When you come to this site, what are you expecting; what are you looking for?  The vast majority of my articles have been on Christianity and theology.  Is that what you’ve come to expect?  Or, do you sort of like the more eclectic mixture of topics?  I usually do either more “article”-like posts or more “personal” posts.  Is there a type of writing that you, as a reader of this blog, prefer?

Here’s an idea I’ve had: My online magazine, Reform & Revive, is officially dead (and has been for some time; I’ll be making the official announcement and plea for ideas in the coming days).  I’ve been tossing around the idea of using the Reform & Revive site as a place for my bigger, longer, more substantive articles and using this space for more personal posts and quick blurbs promoting Philly things and links to articles I like.  Is that workable, or do you all prefer having one site (this one) for everything.

I’ve already gone longer than I’ve wanted.  In short, I need to press the reset button on this blog and either get serious about it, continue to neglect it and be half-a—ed about it, or just abandon the enterprise altogether.  I don’t know what to do.  This site is just as much for its readers as it is for me, so I want to open it up for all of you.  The audience of this blog has never really been big on commenting (I’ve never understood why), but I’m hoping this will get some feedback.

If you actually cared enough to read through this entire completely  inconsequential  post,  then I count you among the faithful which have an obligation to leave feedback for me to use in determining the direction of this website.  Thanks for your time.  I love you all.  Really.  Please know I consider you my dearest and closest internet friends.  I’ll never forget this time we’ve spent together.  I love you.  Always.

Silver fish hand catch!


8 thoughts on “Open Mic: the Blog Reset Button (I need your feedback!)

  1. I think you should condense everything into ONE single source. One place for your random thoughts, philly happening’s, long insightful and questioning posts.

    I think the one thing i would suggest is to make sure you’re writing for you. Don’t write for others, you have to create for yourself. Find that child like passion that all creative individuals have. Find that little fire, figure out what it is that fuels that fire and throw fuel on the fire. What makes you want to write. What was it that made you want to start all these endeavors? Find that.

    Then, figure out a time that you can schedule, like you would work, a time to write. Don’t push it off for time with the guys, your favorite tv show, just devote that time to fuel the fire. You may not write much more than “what the f— am i wasting my time here?! I’m writing nothing” the simple acto f devoting yourself to that time to do that thing will work wonders.

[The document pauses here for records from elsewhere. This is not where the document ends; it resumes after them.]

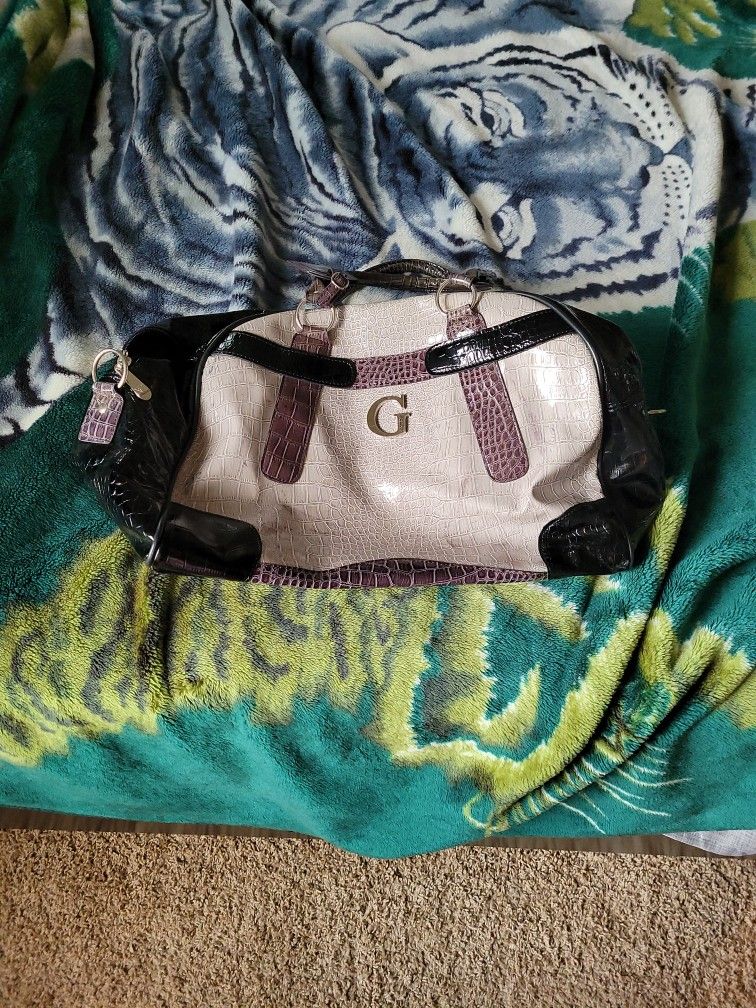 Guess Bag Large Tote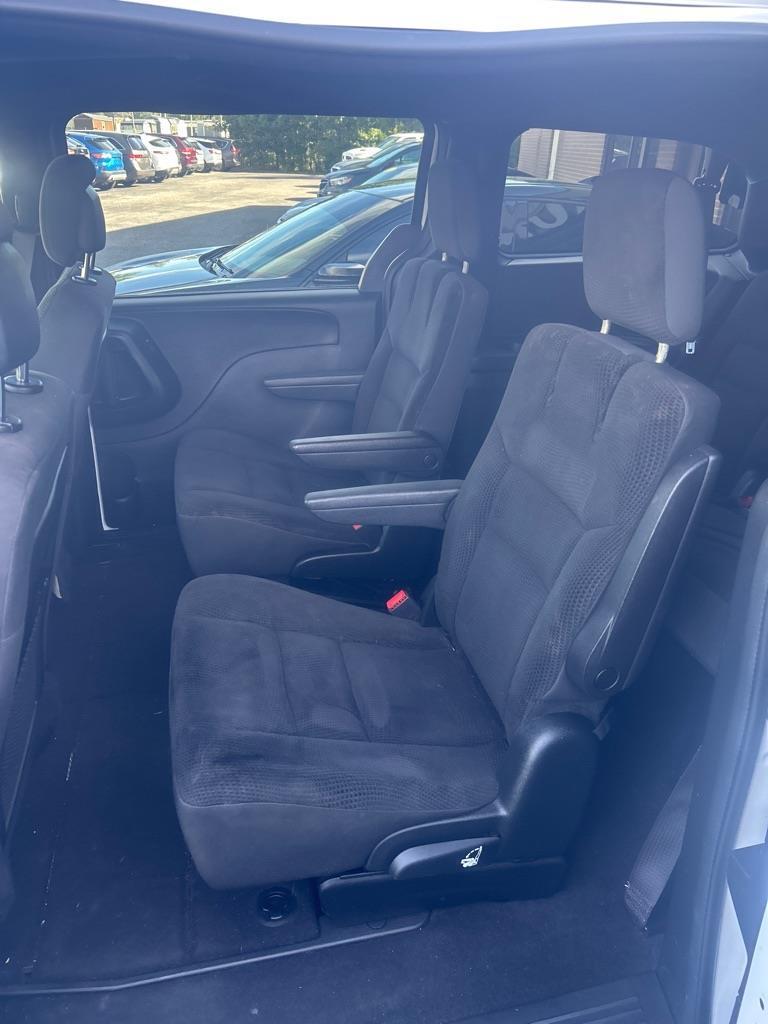 Dodge Grand Caravan SE 2019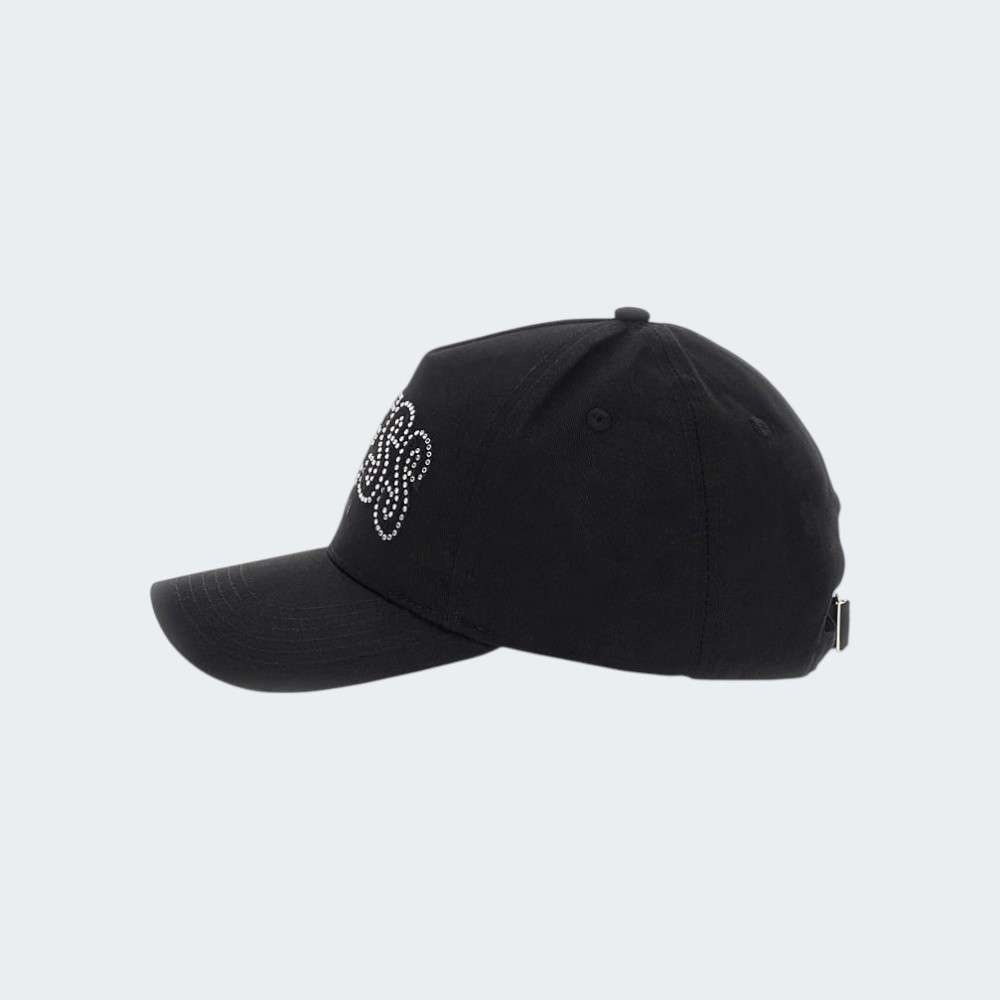 BONE GUESS INES COTTON JBLK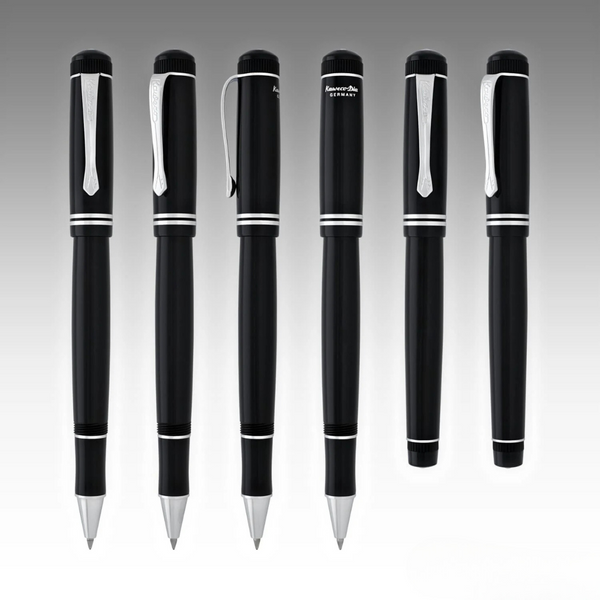 이미지를 갤러리 뷰어에 로드 , Kaweco DIA2 수성펜 크롬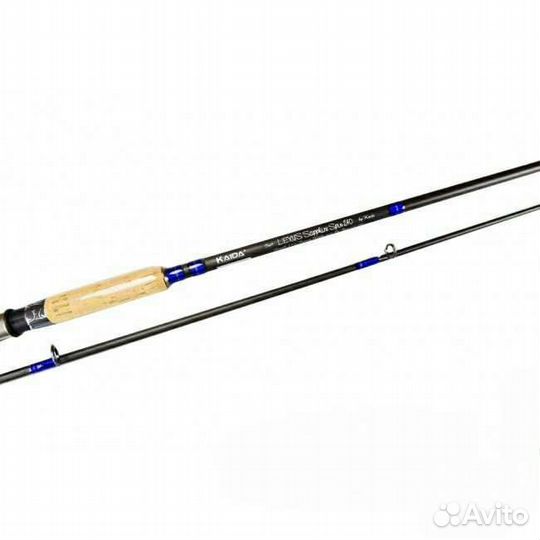 Удилище пикер. Kaida Lexus 2.7м для рыбалки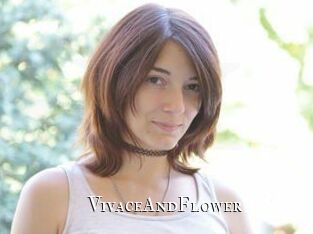 VivaceAndFlower
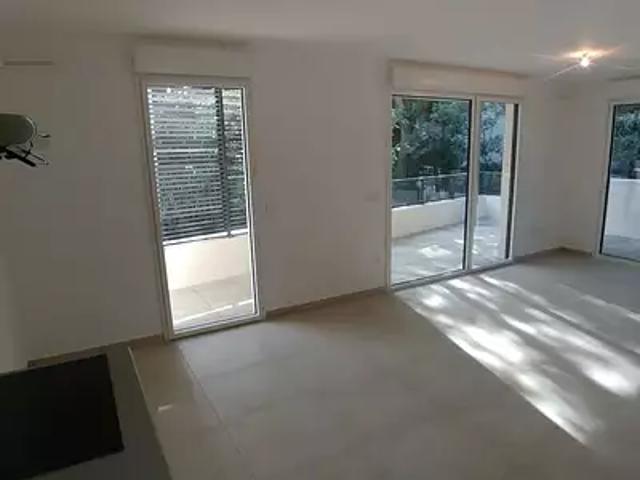 Montpellier 34070 Location appartement 3 pièces t3 terrasse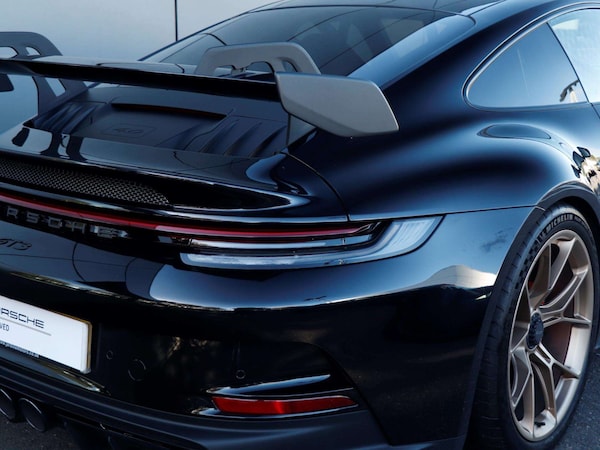 Used Porsche 911 2022 for sale - 76205217: Photo 29
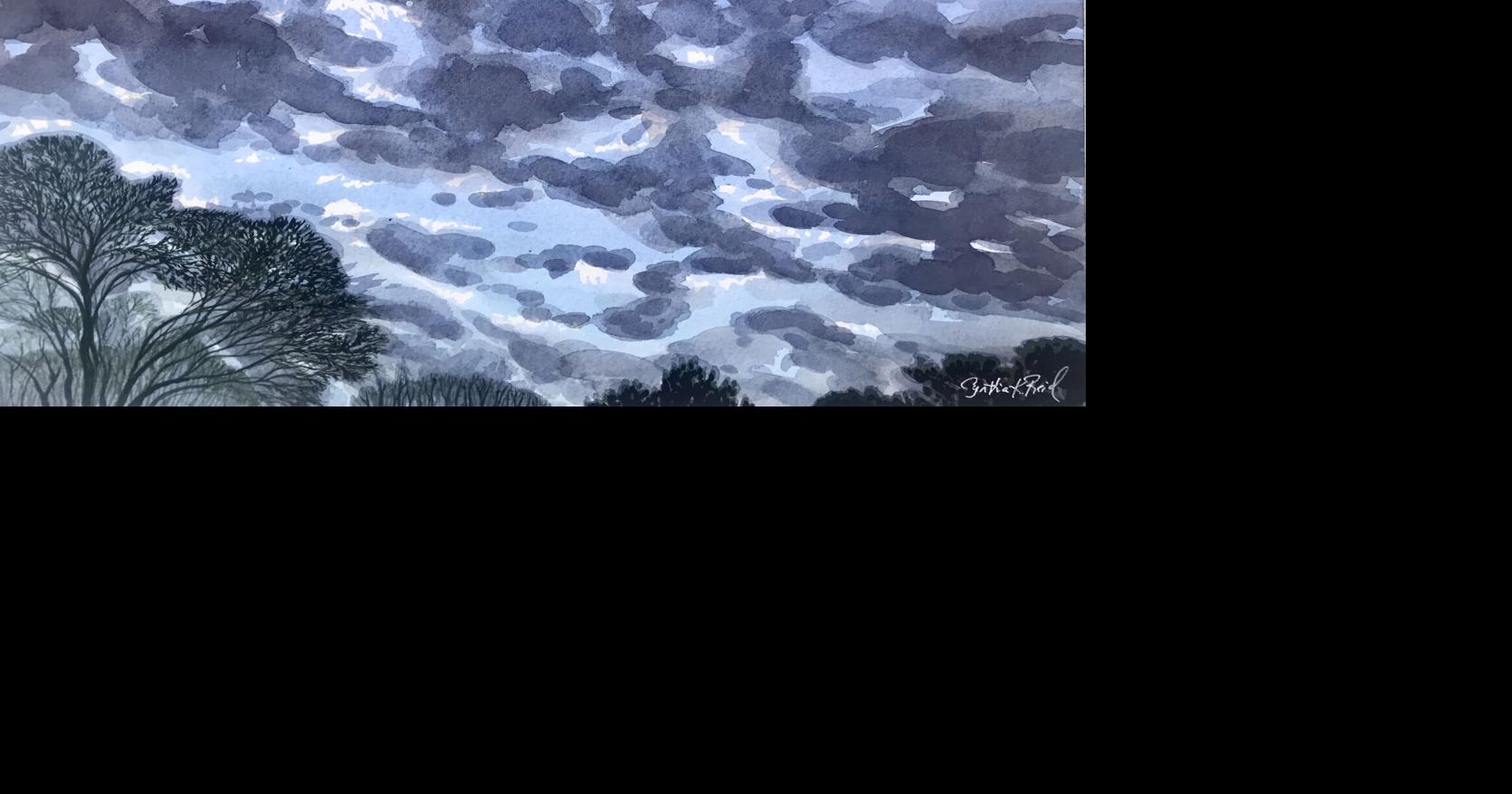 Cynthia Reid Weaves Art into Inspiration | Living | itemonline.com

    “Would you still [write] if you knew no body would ever [read] it? If no… then maybe you’re not meant to be a [writer.]” A professor asked me that, about art, and it really made me think and it changed my whole thinking about art making.


  2. Okay, Mike. What if I actually wrote the bigger articles on Reform & Revive, but did mini articles here to send people over there (like I do with my Patrol articles)?

    p.s.-thanks for your encouragement and reply. I already have five new posts completely finished and ready to go for the next couple of weeks.



  3. Paul,

    I enjoy your musings on life and faith. I find your wrestling through theology and real life implications to be enjoying. Mainly because it’s good to actually hear people wrestle through these things and not just intellectually believe them. It’s also the place where I am currently. I also really just love you as a brother and want to be able to encourage you in all things. I’m Timothy to your Paul.



  4. I will have to second Tim’s comment. I stumbled across your twitter posts some time ago and picked up on your writting from there the wrestling with life, theology, and real life implications are what have really resonated with me. I’ve become a pretty big fan of Patrol. I’m not a seasoned writter or even much of an novice, but I do think that mike is onto something. If you have other places that your writting is more “structured” why not have a place that is just fun, where you can just write.

    Either way I think you’ll figure it out. Wrestle on brother.